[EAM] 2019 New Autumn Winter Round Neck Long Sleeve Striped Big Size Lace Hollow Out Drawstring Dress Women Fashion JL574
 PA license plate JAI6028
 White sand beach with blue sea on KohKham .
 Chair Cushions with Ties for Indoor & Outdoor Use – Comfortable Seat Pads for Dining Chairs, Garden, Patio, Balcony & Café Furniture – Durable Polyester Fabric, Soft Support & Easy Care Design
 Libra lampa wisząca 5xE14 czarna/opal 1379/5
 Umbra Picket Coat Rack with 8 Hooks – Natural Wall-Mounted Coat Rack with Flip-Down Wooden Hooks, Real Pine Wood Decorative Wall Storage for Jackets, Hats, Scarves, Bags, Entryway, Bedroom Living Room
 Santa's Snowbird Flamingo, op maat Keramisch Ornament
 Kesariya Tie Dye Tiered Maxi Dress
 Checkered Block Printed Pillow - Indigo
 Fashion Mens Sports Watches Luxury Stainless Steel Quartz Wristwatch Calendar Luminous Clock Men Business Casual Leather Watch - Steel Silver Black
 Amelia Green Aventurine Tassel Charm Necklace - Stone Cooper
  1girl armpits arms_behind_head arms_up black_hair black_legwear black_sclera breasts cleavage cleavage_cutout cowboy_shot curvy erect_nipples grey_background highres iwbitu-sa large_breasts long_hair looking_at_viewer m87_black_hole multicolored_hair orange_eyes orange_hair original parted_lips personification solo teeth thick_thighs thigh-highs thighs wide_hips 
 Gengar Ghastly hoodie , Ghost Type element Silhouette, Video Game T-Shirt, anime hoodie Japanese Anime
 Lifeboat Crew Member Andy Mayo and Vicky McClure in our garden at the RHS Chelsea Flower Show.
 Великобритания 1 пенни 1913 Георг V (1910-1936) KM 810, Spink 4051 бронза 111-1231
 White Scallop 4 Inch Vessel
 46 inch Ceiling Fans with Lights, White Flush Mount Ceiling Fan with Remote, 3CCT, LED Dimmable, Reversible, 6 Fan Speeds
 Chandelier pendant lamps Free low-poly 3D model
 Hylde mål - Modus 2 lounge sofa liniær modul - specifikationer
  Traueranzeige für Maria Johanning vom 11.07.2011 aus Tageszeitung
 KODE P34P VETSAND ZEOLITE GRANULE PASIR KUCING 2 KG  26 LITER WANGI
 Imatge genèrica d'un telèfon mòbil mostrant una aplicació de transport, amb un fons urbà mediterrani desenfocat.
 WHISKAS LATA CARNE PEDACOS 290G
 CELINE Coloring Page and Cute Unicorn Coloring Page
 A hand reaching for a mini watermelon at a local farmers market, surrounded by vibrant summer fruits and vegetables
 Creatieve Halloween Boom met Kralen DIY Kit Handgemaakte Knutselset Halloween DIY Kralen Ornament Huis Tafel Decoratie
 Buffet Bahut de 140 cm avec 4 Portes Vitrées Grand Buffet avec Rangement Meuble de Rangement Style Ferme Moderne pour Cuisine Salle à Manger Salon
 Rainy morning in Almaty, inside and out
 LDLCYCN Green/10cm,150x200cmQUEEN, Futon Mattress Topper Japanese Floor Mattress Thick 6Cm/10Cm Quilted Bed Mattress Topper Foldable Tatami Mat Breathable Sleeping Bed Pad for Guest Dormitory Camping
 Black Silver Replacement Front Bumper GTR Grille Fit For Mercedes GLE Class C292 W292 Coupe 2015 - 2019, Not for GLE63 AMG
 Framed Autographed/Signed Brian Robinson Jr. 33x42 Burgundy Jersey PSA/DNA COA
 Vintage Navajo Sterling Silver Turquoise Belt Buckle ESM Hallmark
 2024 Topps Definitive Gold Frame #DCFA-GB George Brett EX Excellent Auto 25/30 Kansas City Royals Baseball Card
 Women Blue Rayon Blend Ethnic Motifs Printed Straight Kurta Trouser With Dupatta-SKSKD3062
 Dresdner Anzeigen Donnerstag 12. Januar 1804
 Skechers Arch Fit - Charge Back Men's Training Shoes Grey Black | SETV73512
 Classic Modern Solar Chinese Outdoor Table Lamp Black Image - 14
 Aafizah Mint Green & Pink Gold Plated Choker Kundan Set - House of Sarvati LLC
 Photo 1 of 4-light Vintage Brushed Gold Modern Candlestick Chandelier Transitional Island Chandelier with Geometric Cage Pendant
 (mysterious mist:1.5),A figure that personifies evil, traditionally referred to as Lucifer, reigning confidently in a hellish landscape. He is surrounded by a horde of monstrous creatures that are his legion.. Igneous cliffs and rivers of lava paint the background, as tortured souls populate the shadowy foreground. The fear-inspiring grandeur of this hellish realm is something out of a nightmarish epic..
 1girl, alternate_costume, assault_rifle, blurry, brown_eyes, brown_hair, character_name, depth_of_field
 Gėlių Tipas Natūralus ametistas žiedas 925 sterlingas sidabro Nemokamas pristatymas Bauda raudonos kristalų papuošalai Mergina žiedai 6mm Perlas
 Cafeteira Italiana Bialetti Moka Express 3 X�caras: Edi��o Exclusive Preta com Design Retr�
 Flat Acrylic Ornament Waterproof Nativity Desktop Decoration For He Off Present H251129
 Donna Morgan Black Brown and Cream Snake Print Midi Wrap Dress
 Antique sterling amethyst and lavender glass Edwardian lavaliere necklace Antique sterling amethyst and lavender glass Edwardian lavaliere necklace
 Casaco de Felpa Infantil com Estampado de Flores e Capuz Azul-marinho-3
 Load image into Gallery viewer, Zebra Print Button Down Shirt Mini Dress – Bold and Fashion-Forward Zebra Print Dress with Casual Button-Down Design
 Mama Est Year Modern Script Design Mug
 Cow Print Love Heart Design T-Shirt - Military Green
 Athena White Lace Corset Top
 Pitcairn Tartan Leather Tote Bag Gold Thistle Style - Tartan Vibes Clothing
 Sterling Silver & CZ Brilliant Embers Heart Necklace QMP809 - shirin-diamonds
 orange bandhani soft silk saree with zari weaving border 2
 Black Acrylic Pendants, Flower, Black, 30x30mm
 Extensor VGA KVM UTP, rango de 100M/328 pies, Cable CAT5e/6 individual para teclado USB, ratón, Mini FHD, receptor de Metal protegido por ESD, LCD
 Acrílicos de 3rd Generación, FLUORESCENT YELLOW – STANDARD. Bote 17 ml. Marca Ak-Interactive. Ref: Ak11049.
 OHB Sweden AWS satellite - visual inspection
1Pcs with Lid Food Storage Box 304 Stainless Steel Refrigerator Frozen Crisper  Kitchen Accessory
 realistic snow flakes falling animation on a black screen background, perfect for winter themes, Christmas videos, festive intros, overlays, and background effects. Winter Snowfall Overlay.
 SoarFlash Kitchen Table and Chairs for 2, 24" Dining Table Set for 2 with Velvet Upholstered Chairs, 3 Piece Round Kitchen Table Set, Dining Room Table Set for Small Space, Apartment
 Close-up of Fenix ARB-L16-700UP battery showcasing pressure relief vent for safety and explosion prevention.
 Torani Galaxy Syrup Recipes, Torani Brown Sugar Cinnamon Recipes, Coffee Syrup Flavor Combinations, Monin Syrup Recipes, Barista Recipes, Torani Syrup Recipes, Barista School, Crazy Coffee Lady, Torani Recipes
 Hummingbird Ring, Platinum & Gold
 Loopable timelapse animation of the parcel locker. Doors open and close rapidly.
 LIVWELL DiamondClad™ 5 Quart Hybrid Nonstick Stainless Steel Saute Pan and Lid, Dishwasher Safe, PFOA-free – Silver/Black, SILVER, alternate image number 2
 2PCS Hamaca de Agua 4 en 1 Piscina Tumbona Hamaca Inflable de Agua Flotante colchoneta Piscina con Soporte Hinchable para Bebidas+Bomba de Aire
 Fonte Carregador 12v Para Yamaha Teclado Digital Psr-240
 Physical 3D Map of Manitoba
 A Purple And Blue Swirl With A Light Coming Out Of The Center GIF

§

EXERCISE DIRECTIONS: Would you print exactly, and only, the lines of the data above from the line with "Black Acrylic Pendants, Flower, Black, 30x30mm" through the line with "Close-up of Fenix", inclusive?

YOUR RESPONSE:
 Black Acrylic Pendants, Flower, Black, 30x30mm
 Extensor VGA KVM UTP, rango de 100M/328 pies, Cable CAT5e/6 individual para teclado USB, ratón, Mini FHD, receptor de Metal protegido por ESD, LCD
 Acrílicos de 3rd Generación, FLUORESCENT YELLOW – STANDARD. Bote 17 ml. Marca Ak-Interactive. Ref: Ak11049.
 OHB Sweden AWS satellite - visual inspection
1Pcs with Lid Food Storage Box 304 Stainless Steel Refrigerator Frozen Crisper  Kitchen Accessory
 realistic snow flakes falling animation on a black screen background, perfect for winter themes, Christmas videos, festive intros, overlays, and background effects. Winter Snowfall Overlay.
 SoarFlash Kitchen Table and Chairs for 2, 24" Dining Table Set for 2 with Velvet Upholstered Chairs, 3 Piece Round Kitchen Table Set, Dining Room Table Set for Small Space, Apartment
 Close-up of Fenix ARB-L16-700UP battery showcasing pressure relief vent for safety and explosion prevention.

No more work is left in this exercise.